Fractionation of the OPC is carried out according to the method described in the work of Sun. B. et al. (Sun B. S., S. Leandro, et al. "Separation of grape and wine proanthocyanidins according to their degree of polymerization." Journal of Agricultural and Food Chemistry - 1998, 46 (4): 1390-1396 ) To do this, 7 mg of the corresponding OPC (prototype and by the present method) is dissolved in 5 ml of distilled water and the pH of the solution is adjusted to 7 by titration with 0.1 N sodium hydroxide. Then the sample is passed through two previously prepared and connected to increase the extraction capacity of the Sep Pak C ₁₈ cartridge (500 mg of sorbent in each) (Waters, USA). After applying the sample, the extraction column was eluted with 10 ml of water (pH 7) to remove phenolic acids and combined with the sample collected after application (Fraction I). After drying the extraction cartridges in a nitrogen stream, the cartridges first elute with 20 ml of ethyl acetate to elute the monomeric catechins, low molecular weight procyanidins (n <5) and other small phenolic molecules (Fractions II + III), and then 10 ml of methanol to elute the polymer procyandines (n≥5 ) (Fraction IV). Further, to separate monomeric catechins and oligomeric procyanidins, the fraction II + III is evaporated to dryness in vacuo at a temperature below 25 ^o C, dispersed in 10 ml of distilled water and applied to the same extraction cartridges, previously washed with distilled water. After drying the cartridges in a stream of nitrogen, the separation of monomeric catechins and oligomeric procyanidins is carried out by successive elution of 20 ml of diethyl ether (monomeric catechins Fraction II) and 10 ml of methanol (Oligomeric procyanidins Fraction III).

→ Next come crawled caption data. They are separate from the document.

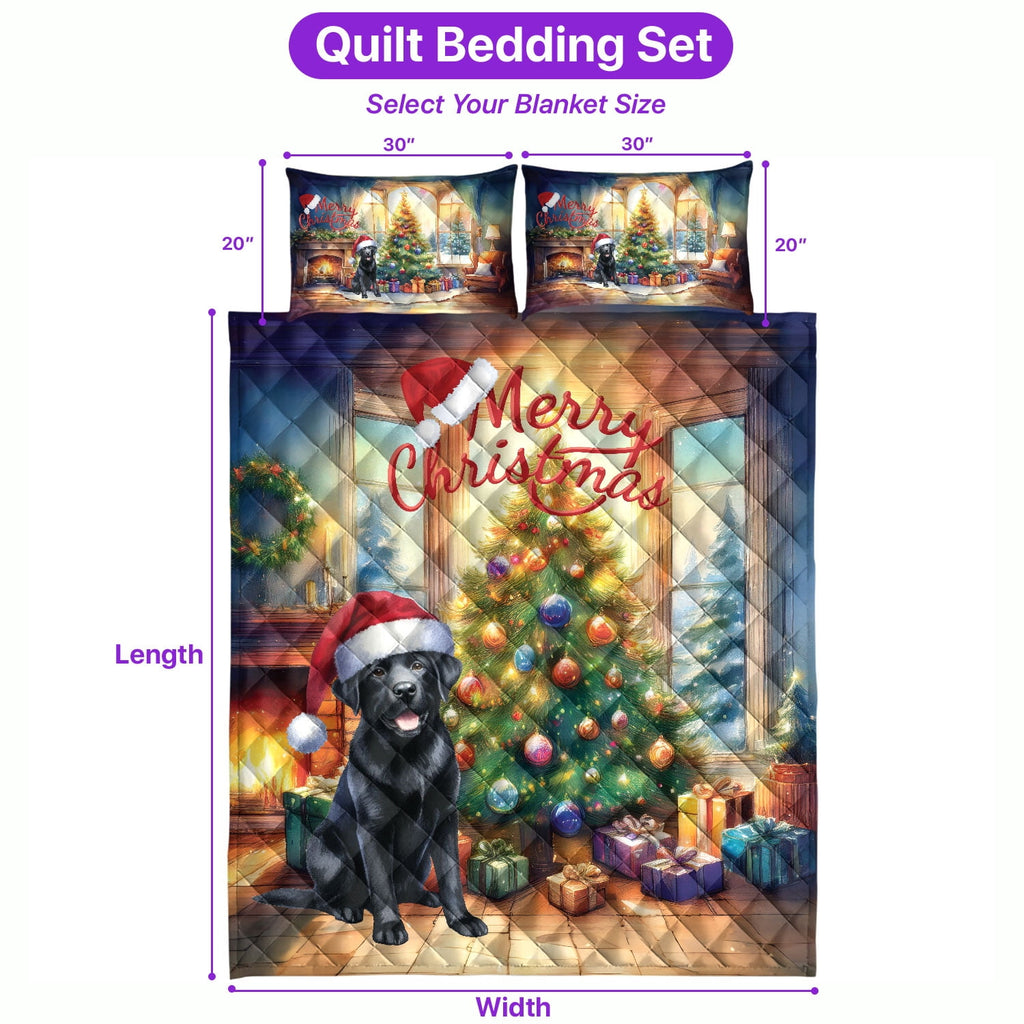 Merry Christmas French Bulldog Santa Hat Xmas Tree Winter Holiday Quilt Bedding Set Dog Lover Gifts 1 Blanket Bed Cover 2 Pillowcases - 01013
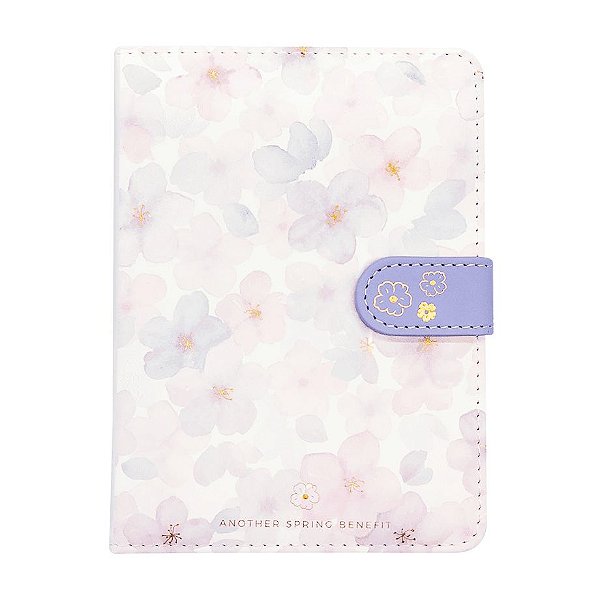 Caderno Brochura Com Folhas Ilustradas e Fecho Magnético Soft Touch Flores Lilás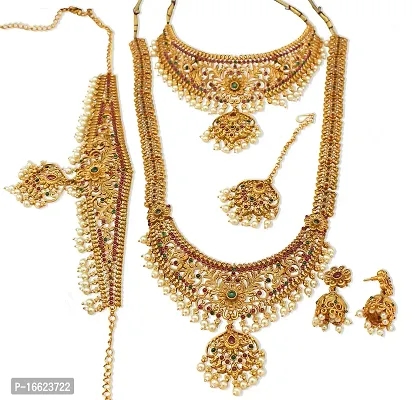 Nagneshi Art Gold Plated Matte Finish Necklace, Kamarband and Jhumki Earring set for Women-thumb0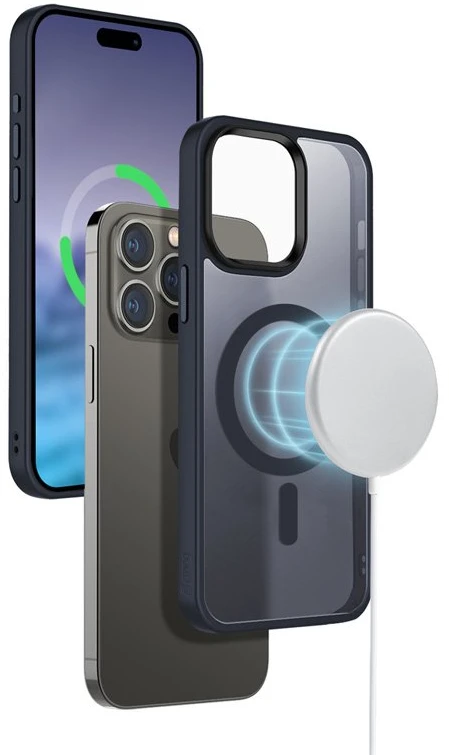 Crong Hybrid Frost MAG Cover - dėklas skirtas Apple iPhone 15 Pro MagSafe Navy Mėlyna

 The completeness of the separation is monitored by the content of monomeric catechins in Fractions I, II, III by HPLC (Ding M., N. Yang, et al. "Rapid, direct determination of polyphenols in tea by reversed-phase column liquid chromatography." J Chromatogr A - 1999, 849 (2): p. 637-640). We use an LKB chromatograph (Bromma, Sweden), consisting of an LKB 2150 HPLC pump, an LKB 2140 fast spectral detector equipped with a diode detection array in the 190-370 nm range and a Wallac 1224 data processing station with the installed Wavescan Software application package (Sweden ) and Nelson Chromatography Software, ver. 2.60 for receiving and processing data from a fast spectral detector. Registration is carried out in the range of 270-280 nm. Chromatography was performed on a 5 μm Lichrosorb RP18 column (250 * 4 mm) (LKB, Sweden), which was eluted in isocratic mode with a solvent system methanol: water: acetic acid (30:70:01) v / v, elution rate 0.6 ml / min

The total content of polyphenolic compounds, to the class of which the substances included in the OPC complex are also classified, in fractions is determined using the Folin-Cicalteo method described in VL Singleton, R. Orthofer, RM Lamuela-Raventos "Analysis of total phenols and other oxidation substrates and antioxidants by means of Folin-Ciocalteu reagent "in Meth. Enzymol, Academic Press Inc. , San-Diego, Vol. 299, 152-178, 1999. The total amount of polyphenols is expressed in mEq gallic acid (HA), which is determined by the calibration curve in the range of 0.7-20 μg gallic acid per sample. To determine an aliquot from a fraction of 200 μl, add 100 μl of Folin's reagent (acid equivalent to 1 N) and 400 μl of a 20% sodium carbonate solution and the sample volume is adjusted to 2 ml with distilled water. The reaction mixture was incubated at 70 ^{° C.} for 10 minutes and after cooling and centrifugation to remove the suspension, the absorbance was measured at 700 nm (Ultraspek II spectrophotometer, LKB, Sweden) against a blank containing reagents and water instead of the sample. If the obtained absorption value is outside the calibration graph, the sample is diluted and the measurement is repeated. All measurements are carried out at least 3 times. In our case, 1 mg of OPC was equal to 0.95 ± 0.013 mg of HA.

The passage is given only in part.